Short web captions:

━━━

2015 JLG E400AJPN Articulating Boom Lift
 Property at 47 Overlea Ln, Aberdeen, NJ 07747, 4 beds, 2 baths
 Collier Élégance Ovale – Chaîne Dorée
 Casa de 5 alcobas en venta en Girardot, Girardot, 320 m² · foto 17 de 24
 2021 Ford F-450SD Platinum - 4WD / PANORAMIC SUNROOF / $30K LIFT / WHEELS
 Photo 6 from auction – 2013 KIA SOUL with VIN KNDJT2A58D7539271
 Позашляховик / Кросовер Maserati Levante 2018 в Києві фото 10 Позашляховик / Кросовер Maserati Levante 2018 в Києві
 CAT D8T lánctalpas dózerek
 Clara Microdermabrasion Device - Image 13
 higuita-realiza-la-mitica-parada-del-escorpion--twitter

━━━

--- WORK INSTRUCTION ---
Beginning at the line that contains "CAT D8T lánctalpas dózerek" and ending at the last line above, copy each line without any change.

--- RESPONSE ---
 CAT D8T lánctalpas dózerek
 Clara Microdermabrasion Device - Image 13
 higuita-realiza-la-mitica-parada-del-escorpion--twitter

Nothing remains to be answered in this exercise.